Peter has just been describing those who serve and worship their corrupted, sensual appetites (1 Peter 4:3-4). Such people live for today, without thought for eternity. They judge the 'weakness' of Christians who refuse to do the same, without reckoning on the strength of the judgement of God. They are so blind: blind to their own nature and its rebellion against truth, blind to their collusion with Satan's purposes, blind to the righteousness of believers who obey God, and blind to His right to judge the wicked. They are also blind and deaf to the gospel - the only message by which people may find salvation.
So they really do need to hear and believe the gospel. The preaching, proclamation, sharing, and communicating of the gospel through all the media we have available, is the primary work of the church in the world (Acts 10:42). It alone provides the clear explanation for godly lives. Some say that the gospel needs no explanation because it is self-evident in the way Christians live: but the truth is that the gospel is good news – a declaration of why and how sinful people can become forgiven children of God, embraced by their heavenly Father. To be ashamed of presenting this gospel to a dying world shows how little we love the Saviour who gave everything for our salvation, how little we love our neighbours or care about their eternal destiny (Romans 1:16).

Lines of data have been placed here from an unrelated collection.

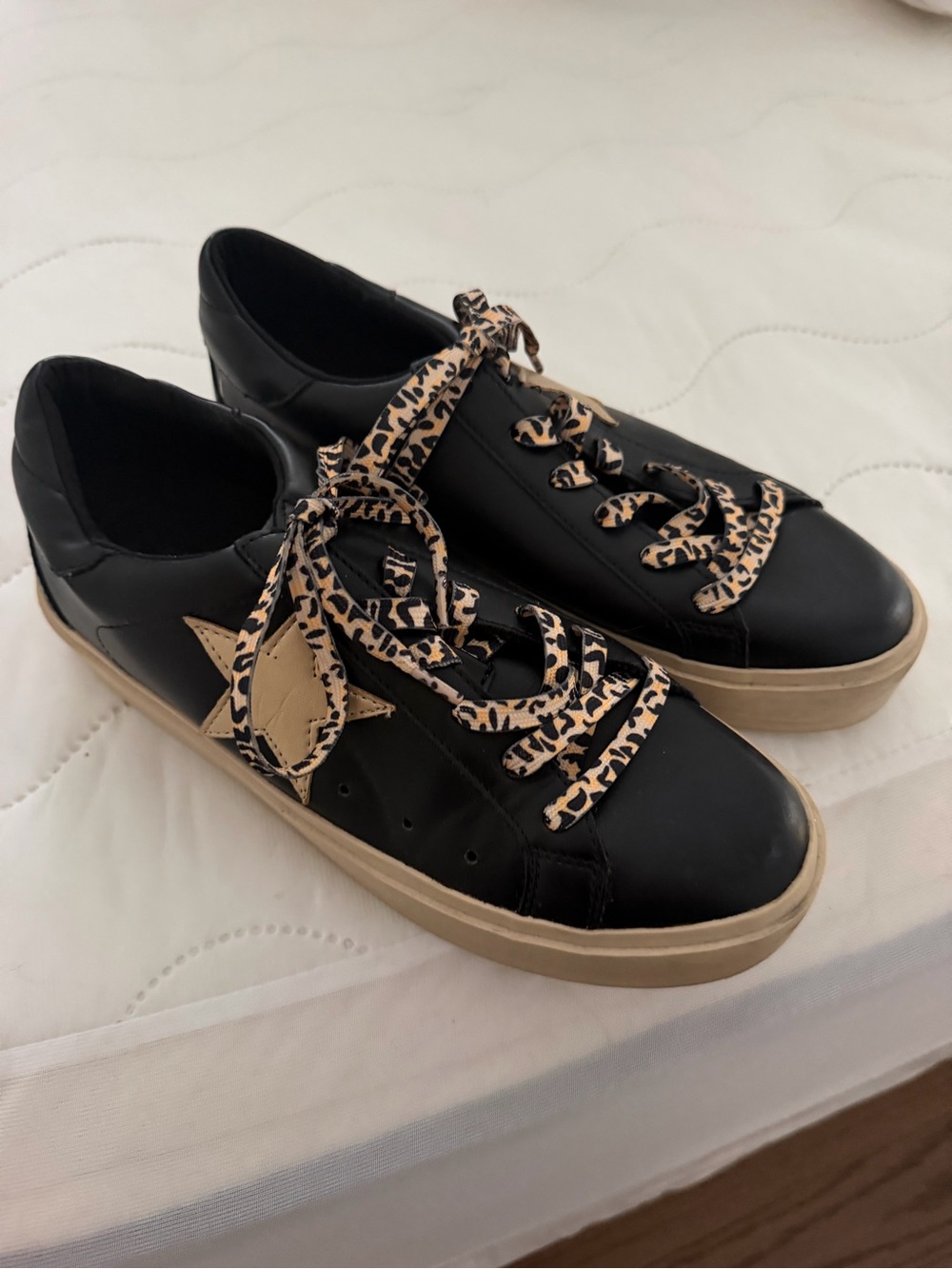ShuShop Black Sneakers with Leopard-Print Laces and Tan Accents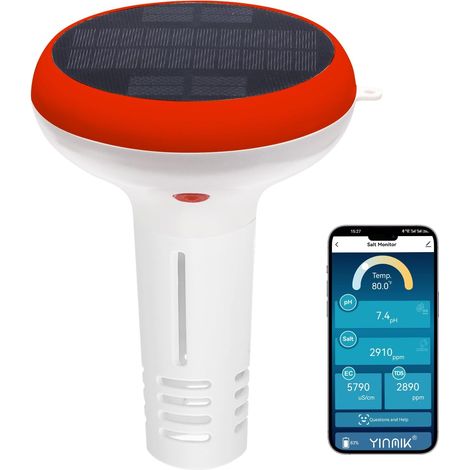 Moniteur Intelligent pour Piscine,Lecteur de Sel Solaire, pH-Mètre Numérique pour Piscines d'eau Salée, Testeur (pH, salinité, EC, TDS, température) pour Piscines Extérieures (1/5)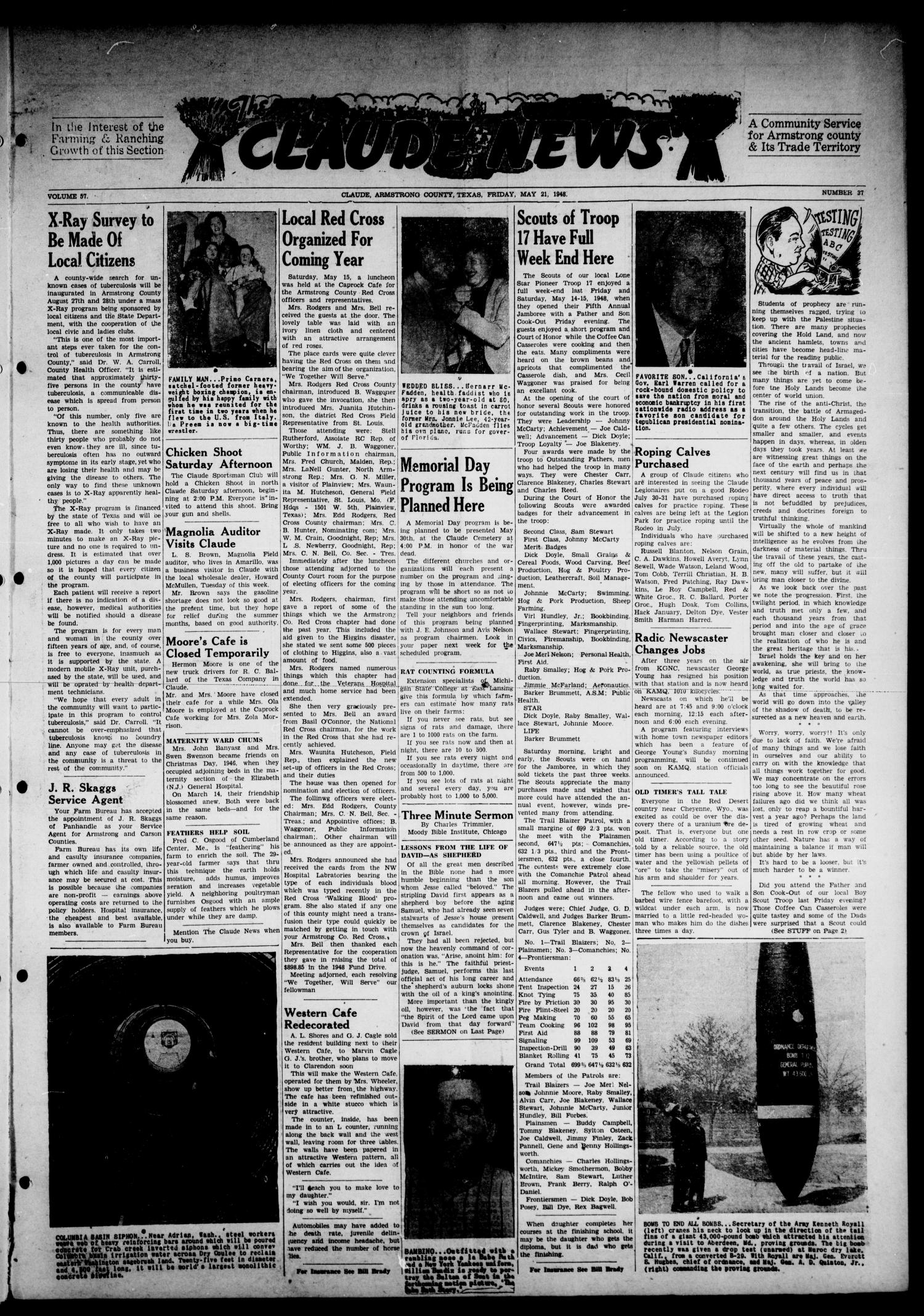 Claude News (Claude, Tex.), Vol. 57, No. 37, Ed. 1 Friday, May 21, 1948
                                                
                                                    [Sequence #]: 1 of 6
                                                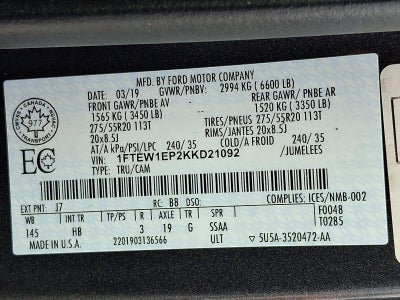 2019 Ford F-150 LARIAT 4WD SuperCrew 5.5' Box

This verse does not mean that God gives a second chance to dead people (that would be against Jesus' own teaching in Luke 16:19-31). It means that even the most wicked and perverse (spiritually dead) person, who believes in Jesus, will be saved (Luke 23:40-43). Their physical death does not cut them off from God's salvation because when Christ returns, both the living believers and those who have died will all be raised to new life with Him (1 Thessalonians 4:14-18).
The gospel is a surprise to many. Wicked people, who trust in the salvation which Jesus offers, will go to heaven, while respectable people, who do not trust in Christ, cannot enter. The difference between the two is that those who submit to Christ are willing to repent of their sins and receive His grace, but those who proudly assert their own uprightness are as blind as the wilfully immoral (Luke 18:9-14). So this passage should encourage us to persist in following Jesus, however greatly we have sinned: it also encourages us to preach/speak/share the gospel with those who cannot yet see their need, with the prayer that God will use it to bring them to repentance and faith.